WHAT IS EXPECTED
Using the listing below, copy exactly the lines from the one containing "Cutting Tires: Hydraulic" to the one containing "У Мукачеві продовжують ремонтувати внутрішньоквартальні", both lines included, and no others.

GIVEN ENTRIES
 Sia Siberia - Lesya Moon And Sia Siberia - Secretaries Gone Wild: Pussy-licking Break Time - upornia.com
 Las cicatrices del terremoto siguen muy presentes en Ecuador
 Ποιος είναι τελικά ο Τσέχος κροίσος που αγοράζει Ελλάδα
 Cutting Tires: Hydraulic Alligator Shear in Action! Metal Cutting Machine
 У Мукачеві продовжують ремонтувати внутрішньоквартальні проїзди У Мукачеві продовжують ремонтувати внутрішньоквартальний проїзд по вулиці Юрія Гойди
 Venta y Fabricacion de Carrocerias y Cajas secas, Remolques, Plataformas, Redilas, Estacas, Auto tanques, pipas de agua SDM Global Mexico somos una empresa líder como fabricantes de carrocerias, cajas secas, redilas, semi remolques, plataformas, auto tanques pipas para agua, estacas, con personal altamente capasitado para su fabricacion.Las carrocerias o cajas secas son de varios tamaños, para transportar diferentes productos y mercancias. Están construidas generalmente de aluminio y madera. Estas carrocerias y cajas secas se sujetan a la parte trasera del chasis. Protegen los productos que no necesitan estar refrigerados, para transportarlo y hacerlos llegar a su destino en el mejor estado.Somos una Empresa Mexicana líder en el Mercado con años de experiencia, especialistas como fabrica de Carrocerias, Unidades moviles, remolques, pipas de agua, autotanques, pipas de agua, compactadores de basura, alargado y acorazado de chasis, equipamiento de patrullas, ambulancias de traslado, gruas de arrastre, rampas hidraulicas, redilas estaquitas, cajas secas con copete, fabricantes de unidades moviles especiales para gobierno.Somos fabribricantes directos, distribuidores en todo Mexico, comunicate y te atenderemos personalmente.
==
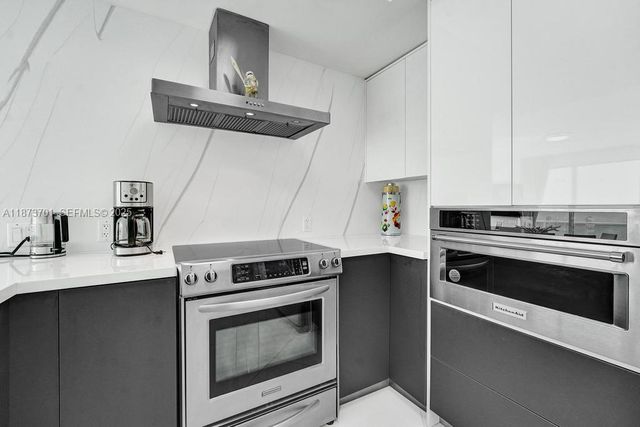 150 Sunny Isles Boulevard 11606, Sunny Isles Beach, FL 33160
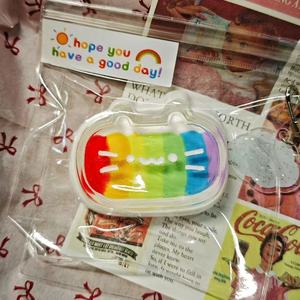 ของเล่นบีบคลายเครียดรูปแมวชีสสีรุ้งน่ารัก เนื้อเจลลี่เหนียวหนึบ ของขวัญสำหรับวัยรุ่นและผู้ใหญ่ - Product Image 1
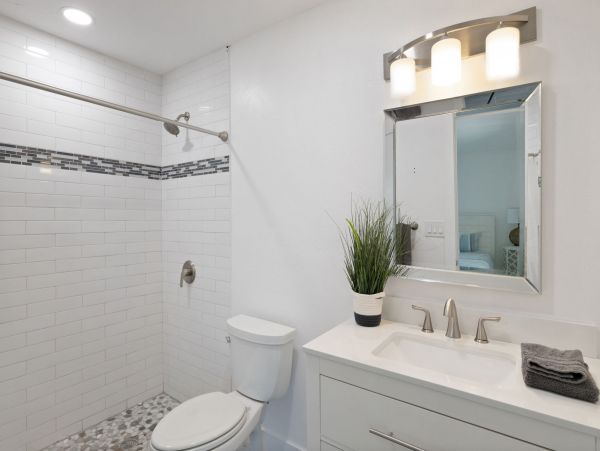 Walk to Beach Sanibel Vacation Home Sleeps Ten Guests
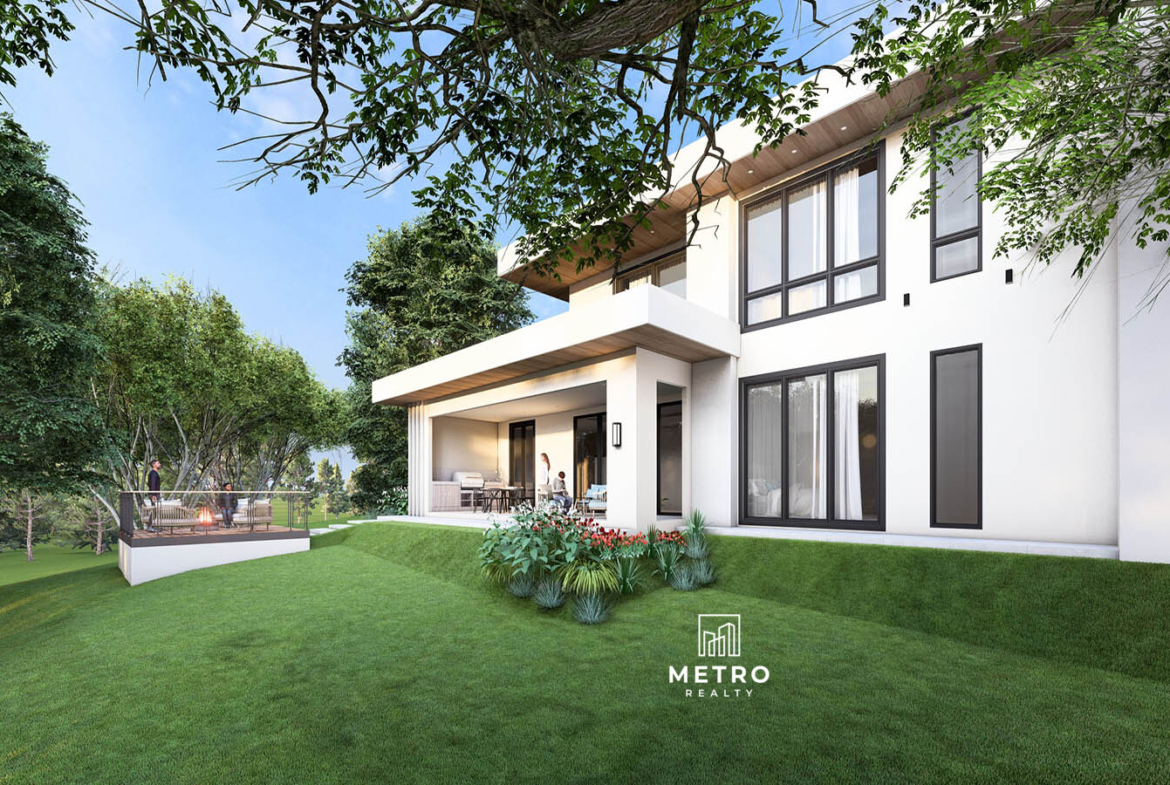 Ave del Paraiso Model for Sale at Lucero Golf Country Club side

RESULT OF THE EXERCISE
 Cutting Tires: Hydraulic Alligator Shear in Action! Metal Cutting Machine
 У Мукачеві продовжують ремонтувати внутрішньоквартальні проїзди У Мукачеві продовжують ремонтувати внутрішньоквартальний проїзд по вулиці Юрія Гойди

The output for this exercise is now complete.